### What needs to be done
The listing below must be given again in full, exactly.

# # # # #

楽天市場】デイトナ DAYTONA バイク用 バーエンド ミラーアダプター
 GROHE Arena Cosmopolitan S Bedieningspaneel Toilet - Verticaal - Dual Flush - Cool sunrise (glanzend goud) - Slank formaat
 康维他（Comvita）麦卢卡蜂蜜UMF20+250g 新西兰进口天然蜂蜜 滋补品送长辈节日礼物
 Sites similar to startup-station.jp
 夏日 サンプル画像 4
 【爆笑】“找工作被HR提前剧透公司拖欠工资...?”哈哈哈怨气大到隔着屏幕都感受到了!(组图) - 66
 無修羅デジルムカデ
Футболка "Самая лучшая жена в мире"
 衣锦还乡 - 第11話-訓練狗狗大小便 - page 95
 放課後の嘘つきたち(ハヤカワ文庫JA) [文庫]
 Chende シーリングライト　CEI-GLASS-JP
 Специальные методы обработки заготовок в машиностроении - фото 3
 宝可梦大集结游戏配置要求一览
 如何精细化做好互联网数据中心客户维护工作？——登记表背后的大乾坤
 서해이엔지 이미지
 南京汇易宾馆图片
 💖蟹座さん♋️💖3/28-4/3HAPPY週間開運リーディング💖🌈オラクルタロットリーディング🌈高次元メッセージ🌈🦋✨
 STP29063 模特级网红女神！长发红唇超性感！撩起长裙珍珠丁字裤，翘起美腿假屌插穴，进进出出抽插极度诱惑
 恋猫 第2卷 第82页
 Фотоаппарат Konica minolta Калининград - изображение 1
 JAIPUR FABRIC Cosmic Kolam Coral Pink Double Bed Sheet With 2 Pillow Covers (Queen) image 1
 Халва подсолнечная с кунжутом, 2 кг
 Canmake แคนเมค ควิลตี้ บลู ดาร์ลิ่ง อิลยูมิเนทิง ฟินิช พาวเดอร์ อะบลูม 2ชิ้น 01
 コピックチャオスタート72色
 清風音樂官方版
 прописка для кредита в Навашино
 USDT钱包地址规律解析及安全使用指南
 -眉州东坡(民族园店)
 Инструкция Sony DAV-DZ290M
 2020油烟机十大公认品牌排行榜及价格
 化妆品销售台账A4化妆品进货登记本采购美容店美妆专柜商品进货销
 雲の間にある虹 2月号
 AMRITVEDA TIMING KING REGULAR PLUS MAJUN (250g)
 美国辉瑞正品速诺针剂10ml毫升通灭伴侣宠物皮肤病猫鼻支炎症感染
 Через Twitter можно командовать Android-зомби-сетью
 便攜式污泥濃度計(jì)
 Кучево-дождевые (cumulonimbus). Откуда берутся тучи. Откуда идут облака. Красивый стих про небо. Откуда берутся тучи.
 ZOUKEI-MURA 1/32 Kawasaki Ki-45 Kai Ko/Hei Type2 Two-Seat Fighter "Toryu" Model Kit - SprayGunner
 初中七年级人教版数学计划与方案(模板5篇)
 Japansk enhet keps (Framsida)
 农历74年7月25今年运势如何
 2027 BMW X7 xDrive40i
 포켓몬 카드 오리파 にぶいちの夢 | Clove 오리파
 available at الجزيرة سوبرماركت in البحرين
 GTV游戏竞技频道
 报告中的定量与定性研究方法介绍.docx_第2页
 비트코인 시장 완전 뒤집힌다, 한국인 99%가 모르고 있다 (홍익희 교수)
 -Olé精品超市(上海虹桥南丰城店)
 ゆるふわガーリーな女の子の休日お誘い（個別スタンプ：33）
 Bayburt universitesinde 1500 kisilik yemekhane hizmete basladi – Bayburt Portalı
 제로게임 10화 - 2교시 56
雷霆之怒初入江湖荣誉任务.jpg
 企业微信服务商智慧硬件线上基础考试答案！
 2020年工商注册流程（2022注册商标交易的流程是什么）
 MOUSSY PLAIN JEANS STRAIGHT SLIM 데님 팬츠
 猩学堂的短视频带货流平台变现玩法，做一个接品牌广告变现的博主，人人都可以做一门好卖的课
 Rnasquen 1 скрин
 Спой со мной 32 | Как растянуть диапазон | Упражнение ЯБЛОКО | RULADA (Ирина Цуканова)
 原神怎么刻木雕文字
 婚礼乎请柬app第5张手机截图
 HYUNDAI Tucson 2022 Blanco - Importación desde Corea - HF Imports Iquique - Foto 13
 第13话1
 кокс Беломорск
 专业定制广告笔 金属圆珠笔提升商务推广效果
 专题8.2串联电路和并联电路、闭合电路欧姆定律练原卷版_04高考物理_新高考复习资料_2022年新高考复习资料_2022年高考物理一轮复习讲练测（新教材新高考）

# # # # #

### Solution to the exercise
楽天市場】デイトナ DAYTONA バイク用 バーエンド ミラーアダプター
 GROHE Arena Cosmopolitan S Bedieningspaneel Toilet - Verticaal - Dual Flush - Cool sunrise (glanzend goud) - Slank formaat
 康维他（Comvita）麦卢卡蜂蜜UMF20+250g 新西兰进口天然蜂蜜 滋补品送长辈节日礼物
 Sites similar to startup-station.jp
 夏日 サンプル画像 4
 【爆笑】“找工作被HR提前剧透公司拖欠工资...?”哈哈哈怨气大到隔着屏幕都感受到了!(组图) - 66
 無修羅デジルムカデ
Футболка "Самая лучшая жена в мире"
 衣锦还乡 - 第11話-訓練狗狗大小便 - page 95
 放課後の嘘つきたち(ハヤカワ文庫JA) [文庫]
 Chende シーリングライト　CEI-GLASS-JP
 Специальные методы обработки заготовок в машиностроении - фото 3
 宝可梦大集结游戏配置要求一览
 如何精细化做好互联网数据中心客户维护工作？——登记表背后的大乾坤
 서해이엔지 이미지
 南京汇易宾馆图片
 💖蟹座さん♋️💖3/28-4/3HAPPY週間開運リーディング💖🌈オラクルタロットリーディング🌈高次元メッセージ🌈🦋✨
 STP29063 模特级网红女神！长发红唇超性感！撩起长裙珍珠丁字裤，翘起美腿假屌插穴，进进出出抽插极度诱惑
 恋猫 第2卷 第82页
 Фотоаппарат Konica minolta Калининград - изображение 1
 JAIPUR FABRIC Cosmic Kolam Coral Pink Double Bed Sheet With 2 Pillow Covers (Queen) image 1
 Халва подсолнечная с кунжутом, 2 кг
 Canmake แคนเมค ควิลตี้ บลู ดาร์ลิ่ง อิลยูมิเนทิง ฟินิช พาวเดอร์ อะบลูม 2ชิ้น 01
 コピックチャオスタート72色
 清風音樂官方版
 прописка для кредита в Навашино
 USDT钱包地址规律解析及安全使用指南
 -眉州东坡(民族园店)
 Инструкция Sony DAV-DZ290M
 2020油烟机十大公认品牌排行榜及价格
 化妆品销售台账A4化妆品进货登记本采购美容店美妆专柜商品进货销
 雲の間にある虹 2月号
 AMRITVEDA TIMING KING REGULAR PLUS MAJUN (250g)
 美国辉瑞正品速诺针剂10ml毫升通灭伴侣宠物皮肤病猫鼻支炎症感染
 Через Twitter можно командовать Android-зомби-сетью
 便攜式污泥濃度計(jì)
 Кучево-дождевые (cumulonimbus). Откуда берутся тучи. Откуда идут облака. Красивый стих про небо. Откуда берутся тучи.
 ZOUKEI-MURA 1/32 Kawasaki Ki-45 Kai Ko/Hei Type2 Two-Seat Fighter "Toryu" Model Kit - SprayGunner
 初中七年级人教版数学计划与方案(模板5篇)
 Japansk enhet keps (Framsida)
 农历74年7月25今年运势如何
 2027 BMW X7 xDrive40i
 포켓몬 카드 오리파 にぶいちの夢 | Clove 오리파
 available at الجزيرة سوبرماركت in البحرين
 GTV游戏竞技频道
 报告中的定量与定性研究方法介绍.docx_第2页
 비트코인 시장 완전 뒤집힌다, 한국인 99%가 모르고 있다 (홍익희 교수)
 -Olé精品超市(上海虹桥南丰城店)
 ゆるふわガーリーな女の子の休日お誘い（個別スタンプ：33）
 Bayburt universitesinde 1500 kisilik yemekhane hizmete basladi – Bayburt Portalı
 제로게임 10화 - 2교시 56
雷霆之怒初入江湖荣誉任务.jpg
 企业微信服务商智慧硬件线上基础考试答案！
 2020年工商注册流程（2022注册商标交易的流程是什么）
 MOUSSY PLAIN JEANS STRAIGHT SLIM 데님 팬츠
 猩学堂的短视频带货流平台变现玩法，做一个接品牌广告变现的博主，人人都可以做一门好卖的课
 Rnasquen 1 скрин
 Спой со мной 32 | Как растянуть диапазон | Упражнение ЯБЛОКО | RULADA (Ирина Цуканова)
 原神怎么刻木雕文字
 婚礼乎请柬app第5张手机截图
 HYUNDAI Tucson 2022 Blanco - Importación desde Corea - HF Imports Iquique - Foto 13
 第13话1
 кокс Беломорск
 专业定制广告笔 金属圆珠笔提升商务推广效果
 专题8.2串联电路和并联电路、闭合电路欧姆定律练原卷版_04高考物理_新高考复习资料_2022年新高考复习资料_2022年高考物理一轮复习讲练测（新教材新高考）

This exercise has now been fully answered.